Structure of Clouds – Cloud Atlas Book Review

Cloud Atlas Film
“Cloud Atlas” – the film

About 7:40pm this past Saturday, I finished reading David Mitchell’s Cloud Atlas. At 10pm that same night, Mike and I caught the Wachowski/Tykwer film version. I was excited, to say the least.

I cannot claim to be a die-hard fan of this work, as I did not know anything about the book until Mike showed me the film trailer about a month ago. But having decided to see the film, I knew I wanted to read the book before the theatre experience.  Now that I have read Cloud Atlas, I’m happy to say I will be reading other Mitchell books.  Why? Because I was blown away – by theme, language, and primarily structure.

I freely admit to being a symmetry whore, whether that symmetry is physical, audible, literary, or artistic. And I am especially partial to symmetry if it is all of the above. As such, I pay careful attention to structure, whether it is in writing, a painting, or a building. Cloud Atlas is by far one of the most remarkable feats of literary structure that I have ever experienced. The book consists of six stores spanning six lifetimes and hundreds (or maybe thousands) of years. These stories are nested within each other – much like the Russian matryoshka dolls.  Each story, with the exception of the final story, breaks off in the middle, and the reader moves to the next. Then, after reading the final story all the way through, the reader begins to work backward again until all stories are told. Why is this brilliant? Well, let’s begin at the beginning.

!Possible Spoilers Here!

Cloud Atlas Book Cover
“Cloud Atlas” – the book

Adam Ewing is an American lawyer on business in the South Pacific in the 1850’s. He keeps a journal, and his story is told through that writing.  Ewing’s story literally breaks off mid sentence, and the reader moves to Robert Frobisher, an English composer living in Belgium and working as an amanuensis for a world renown composer in the 1930’s. Frobisher’s story is told through letters to his friend/lover Rufus Sixsmith, and he happens to find and read a published version of Ewing’s journal. Of course, he is missing half of the journal, which ends mid sentence. The reader then moves on to the adventures and work of Luisa Rey, a Californian journalist, hot on the trail of a huge nuclear conspiracy/cover-up in the 1970’s. She meets Sixsmith, who is now an old man, and targeted by an energy company because his report will force closure of their facility. Rey ends up with Frobisher’s letters and reads them. Moving forward, the reader meets senior, Timothy Cavendish, a vanity publisher from London living in the present time. Mr. Cavendish, because of complications and misunderstandings, ends up trapped in a nursing home. As he travels unwittingly to the nursing home, he reads a novel about Lusia Rey, which was submitted to him for publication.  In the distant future, Sonmi-451, an awakened clone (called a Fabricant in the novel) watches a film about Mr. Cavendish’s ordeal in a new Seoul Korea that is ruled by corporate business called “Corprocracy”. Sonmi’s story is told through an interview conducted before she is to be executed. That interview is subsequently viewed in the far future by Zachary, a man whose tribe on Hawaii has survived a nuclear Holocaust called “The Fall”. And at the conclusion of Zachary’s story, the reader begins to work backwards, experiencing the conclusions of all stories, ending with Adam Ewing, where we began.

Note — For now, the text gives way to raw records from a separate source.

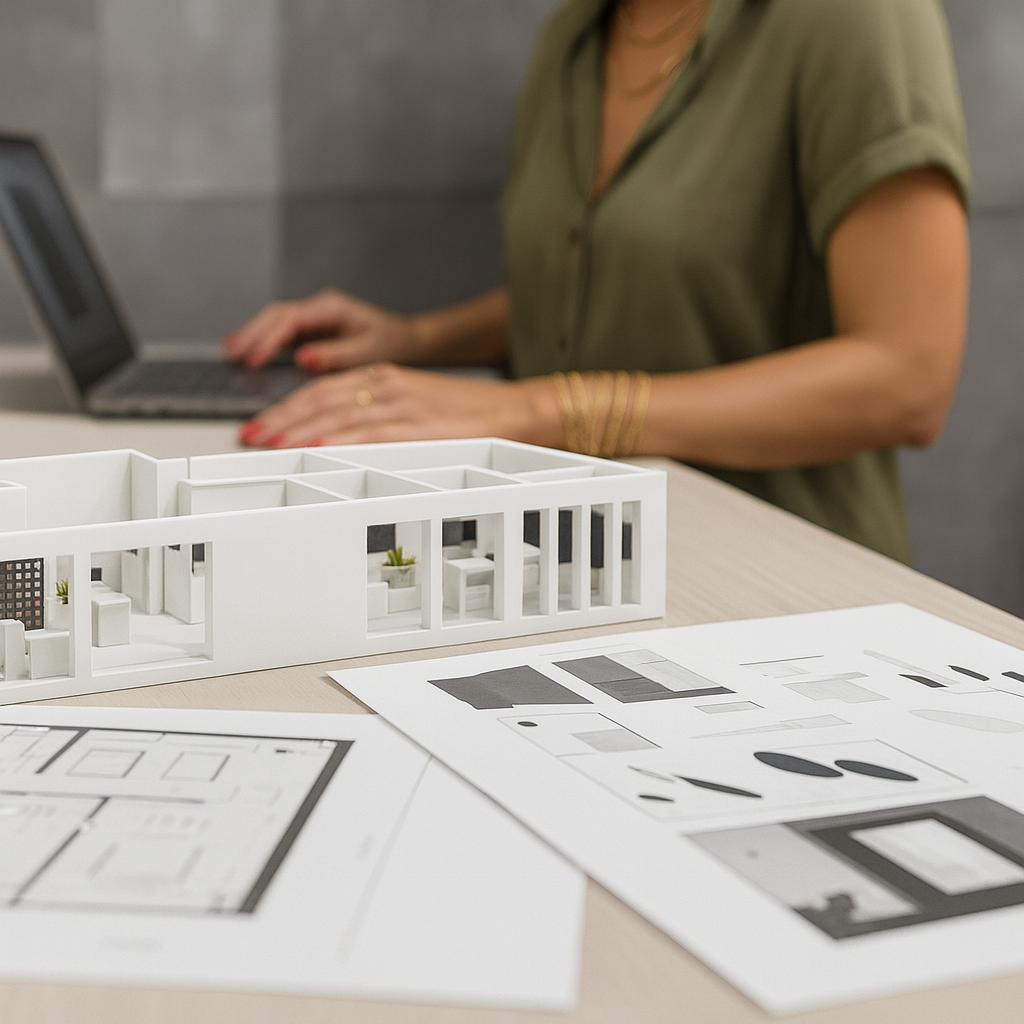 Combien coûte un architecte d’intérieur en Belgique ?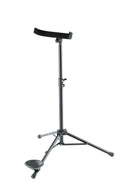 Trépied pliable pour contrebasson K&amp;M 15045-BLACK (noir)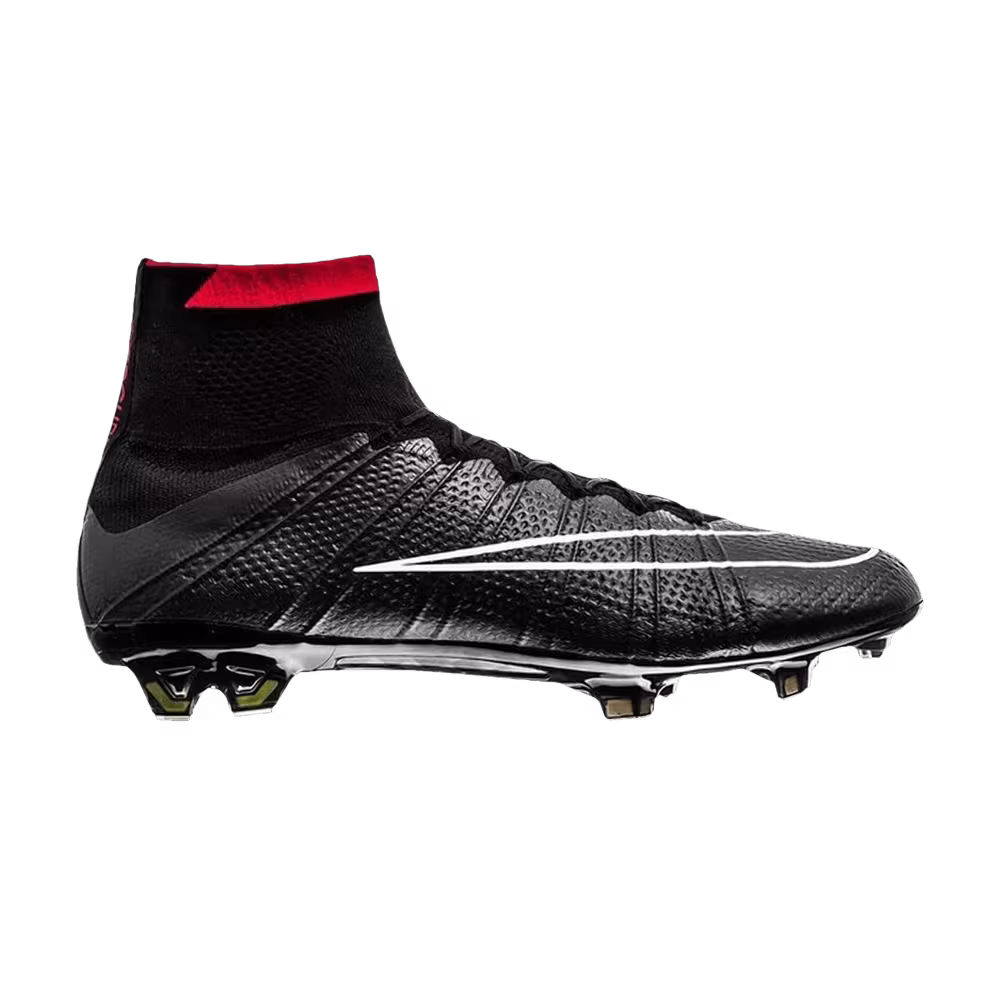 Nike Mercurial Superfly FG Stealth Pack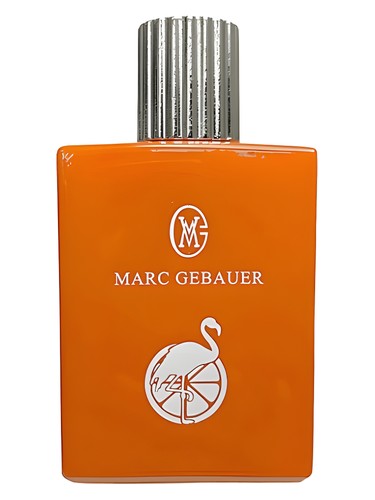 Orange Flamingo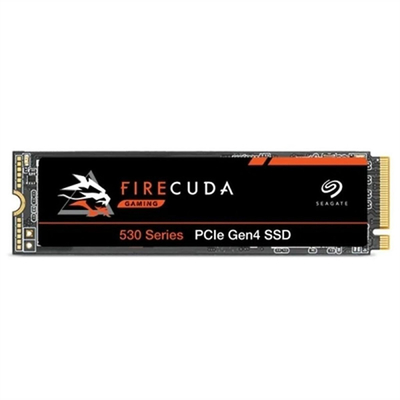 Product Σκληρός Δίσκος M.2 SSD 4TB Seagate FireCuda 530R NVMe PCIe base image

So as cool as this is, what makes it brilliant?  The structure is supported by reoccurring images, themes, and conflicts, and each narrative carries over into its successor through some version of story. But the most remarkable characteristic is how the novel mirrors the musical composition of its title “The Cloud Atlas Sextet”, which Robert Frobisher composes.  A sextet is a musical composition for six instruments or performers. In one of Frobisher’s letters, he describes his as “a sextet for overlapping soloists: piano, clarinet, ‘cello, flute, oboe, and violin, each in its own language of key, scale, and color. In the first set, each solo is interrupted by its successor: in the second, each interruption is recontinued in order.”  This structure is replicated exactly in the novel if we equate the stories to the solos.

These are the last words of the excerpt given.